Moroccan cook educates Filipino palate

Growing up in a Moroccan family and being the eldest daughter, helping was instinctive. In Moroccan culture, it was common for us children to tidy up the house, do the dishes and, above all, help with the cooking.

I remember I was little watching other girls love dolls and dresses. I felt silly, thinking I was more drawn to pots and pans.

You see, the kitchen was a comforting space in my house, something that many cooks and chefs can probably relate to.

At 6, it was much more than that; the wonder and exploration I had experienced on a stove or near a cupboard became one of the most cherished memories I have to this day. From those first flavors and the sensations I felt because of the smells coming from a little crack in the kitchen door, I knew food would be a big part of my life.

When I was 12, I made bread for the first time and tried my hand at making my first tagine.
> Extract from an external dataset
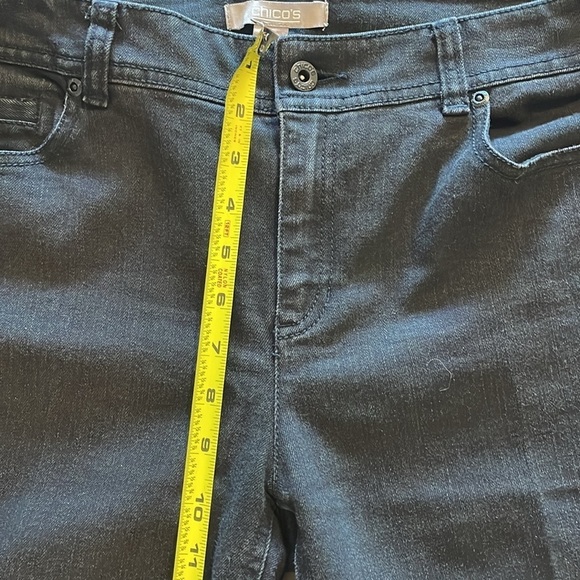 Chico's Women's Denim Jeans Size Medium Black Stretch Cropped Contemporary - Picture 12 of 15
I had my late grandmother and my mother to show me the tangled ropes of Moroccan cuisine.

It took me years of practice and observation to get my hands and instinct used to the intricate patterns of spices, broths and rich pasta that created the basis of Moroccan cuisine. Even now, I’m still discovering new ways and combinations to pop those flavors every now and then.

With Moroccan cuisine, most of the dishes followed the same routine. It was a slow process that allowed us to really coax the dish through a flavorful transformation, watching various meats tenderize, reduce sauces, and cook pasta.

Ancestral culture

The culture of cooking in the Moroccan kingdom was ancestral. We have followed traditional cooking methods, right down to clay pots and ovens built into the ground. It was a whole world to explore, rich in history and rife with ancient tips and tricks. I loved everything and becoming a wife and mother allowed me to embrace the art of cooking even more.
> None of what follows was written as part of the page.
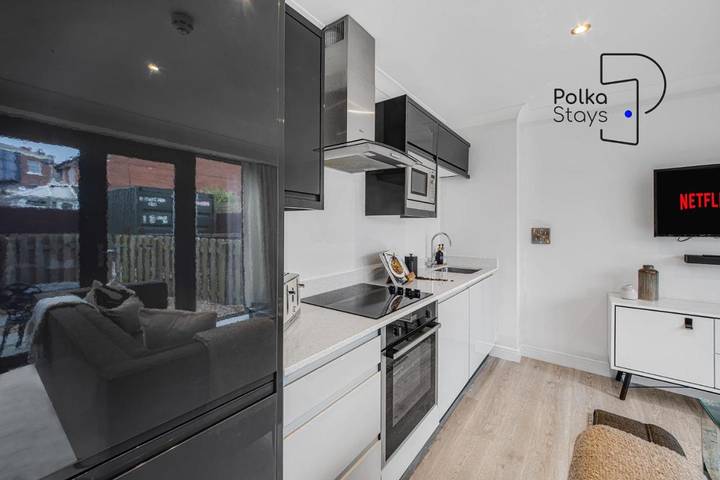 Gîte pour 2 personnes, avec jardin et jacuzzi à Chester - 4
I remember when I first moved to the Philippines in 2001, I was delighted to discover a new world of culinary culture and exploration while retaining the years of learning and cooking experience that I have gained. have accumulated in Morocco.

Loubna Benfraiha, aka the Moroccan: “It took me years of practice and observation to get my hands and instinct used to the intricate patterns of spices, broths and rich pasta that created the basis of Moroccan cuisine. .

To my surprise, not many people knew about Moroccan cuisine. The confusion we had here between the latter and Middle Eastern cuisine bothered the original Moroccan in me.

Call it pride if you will, but the urge to want to educate the market slowly and intensely built up to a point where I knew the next step in my business was to tame the beast that Moroccan cuisine was. authentic.

And that’s how it started, a Moroccan cook living in the Philippines, what more can we say. This discovery of myself as a mother-cook pushed me to take a leap of faith and to have the eyes of the outside world on my dishes, leaving the comfort of smiles and compliments from my family.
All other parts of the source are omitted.